Saturday, January 8, 2011

The store manger met us at the front door. "We had a small fire in the clothing department" she told us. "One of the clerks put it out with a a fire extinguisher." We walked back into the store, through the hair coloring, band-aids and into the small clothing department. A light haze hung in the air, a combination of smoke and dry chemical extinguishing agent. We brought a can and a TIC with us, two small items which can do and save a lot of work.

As we neared the shelf, we could see a layer of yellow powder on the floor with an extinguisher set down in the middle of it. We looked at the shelve and could see damage to the packages on three separate levels. One of the damaged areas was definitely a separate start from the others.

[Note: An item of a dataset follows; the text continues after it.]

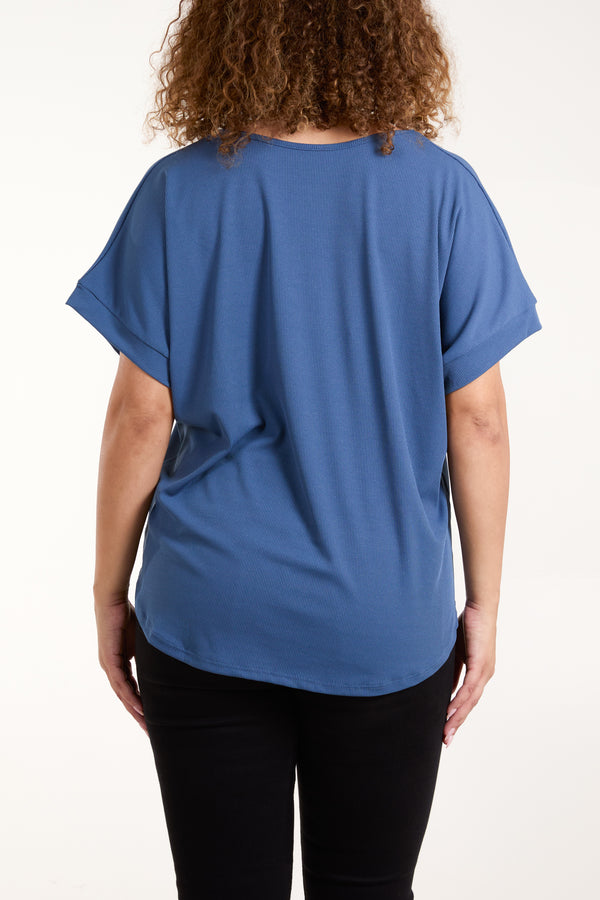 Qed London Necklace Short Sleeve Ribbed Top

I looked closer and saw that the fire was indeed out. No need for either the TIC or the can.

While I was there I took a good look and saw that there was no electrical power or appliances in the shelving unit.. I looked for evidence of a thunderstorm inside the building or for the incinerated corpse of a mouse with a cigar in his mouth or the remains of a match in his paw. Negative on both of those as well. As the shelves didn't contain any vegetable oil soaked rags or baled/compressed organic materials, I ruled out spontaneous combustion.

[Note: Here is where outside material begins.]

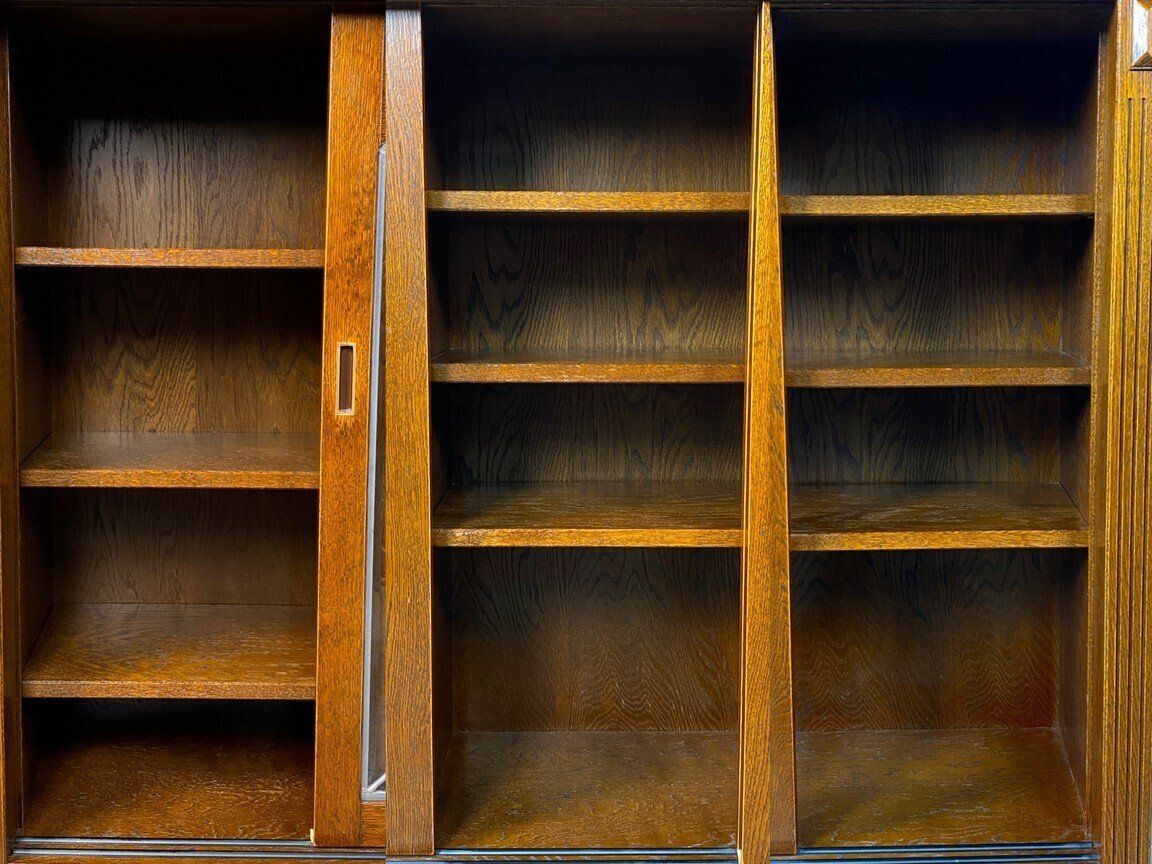 GT91 三越 家具 ブルージュ オーク ガラス キャビネット ステンド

It looked like the fire may have been a deliberate act. Damn, it looked like our next hour or so would be spent waiting on an investigator. I made the request, fifty four minutes, thirty eight seconds later I hear the investigator go on scene over the radio.  It took her about five minutes to work her way into the big-box drugstore.

I give her the rundown on what happened, who did what, what the security camera saw and what we found. As I had once been an investigator, I helped her poke around the area of origin. 

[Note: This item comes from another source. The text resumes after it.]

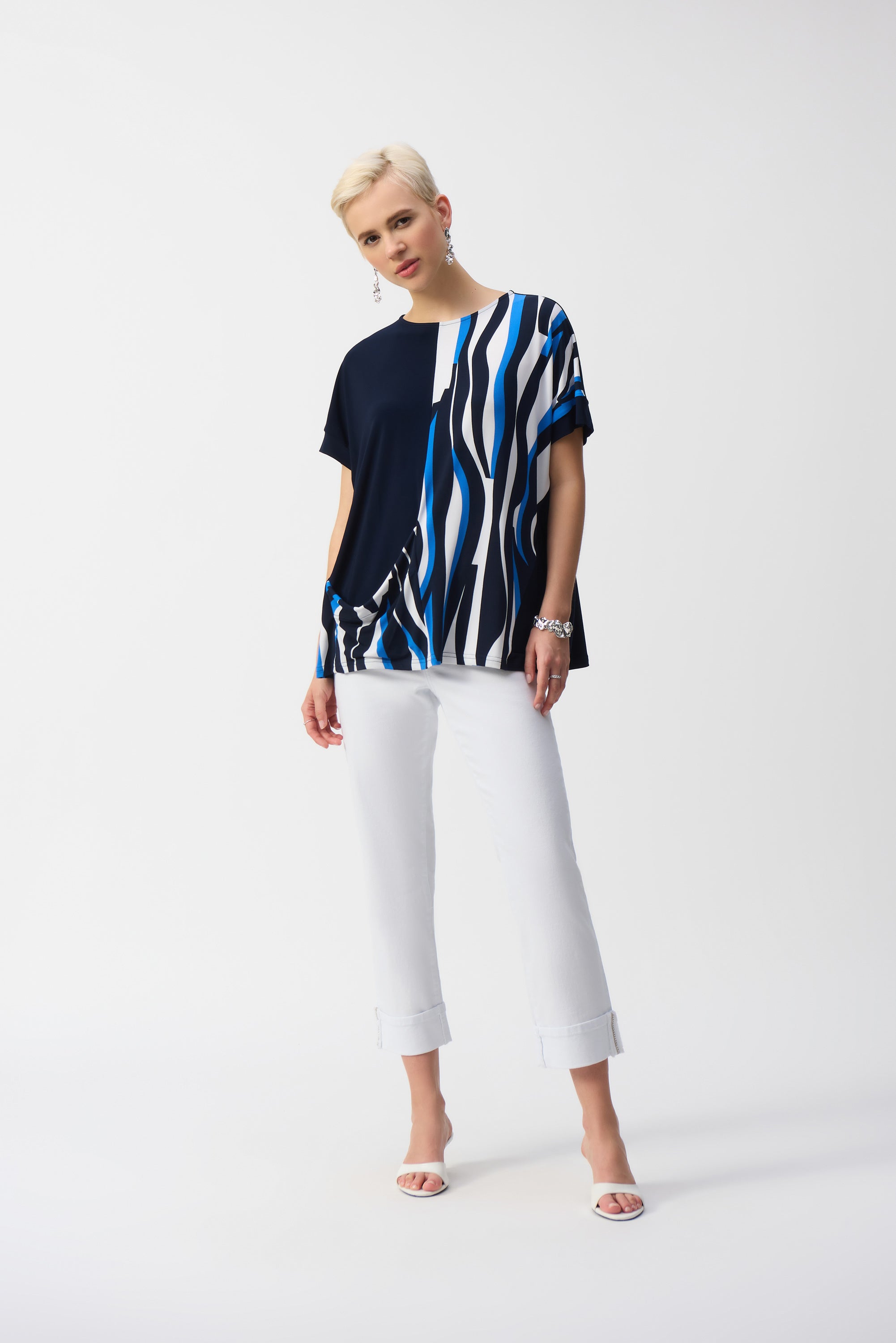 Joseph Ribkoff Silky Knit Geometric Print Boxy Top 251285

As with any fire cause investigation, we started away from the area of origin and worked toward the place where the fire started. We looked in the aisles next to the fire and found nothing out of the ordinary. We looked through the socks at the end of the aisle where the fire occurred, nothing was amiss there either.  The bikini panty section was normal as was the shelves containing the humorous cartoon character panties. The small section of shelves containing thongs was unmolested, the only damage was to 15 or twenty pairs of cotton briefs, size L and XL.

I listened as the investigator as she used the district's $50 camera to document the area of origin. "What do you think, Schmoe?" she asked.

"I think we are dealing with a white or hispanic male, 25 to 30 years old, likely the father of  a small child" was my reply.

"I think you're full of shit" she  firmly stated.

"Maybe so" I retorted, "but whoever it was, they sure hated granny panties."

"Whatever, you guys can clear".

Maybe there's a reason I'm not in investigations any more.

Thanks for reading,


  1. I have a solid alibi Schmoe .. I swear LMAO Love the post, hope you and the family are well. Stay safe.

  2. Thanks Aviatrix and welcome back.

    Wines - That caper had you written all over it, though I know if it was you, you would have taken some of the thongs as souvenirs! Thanks for stopping by.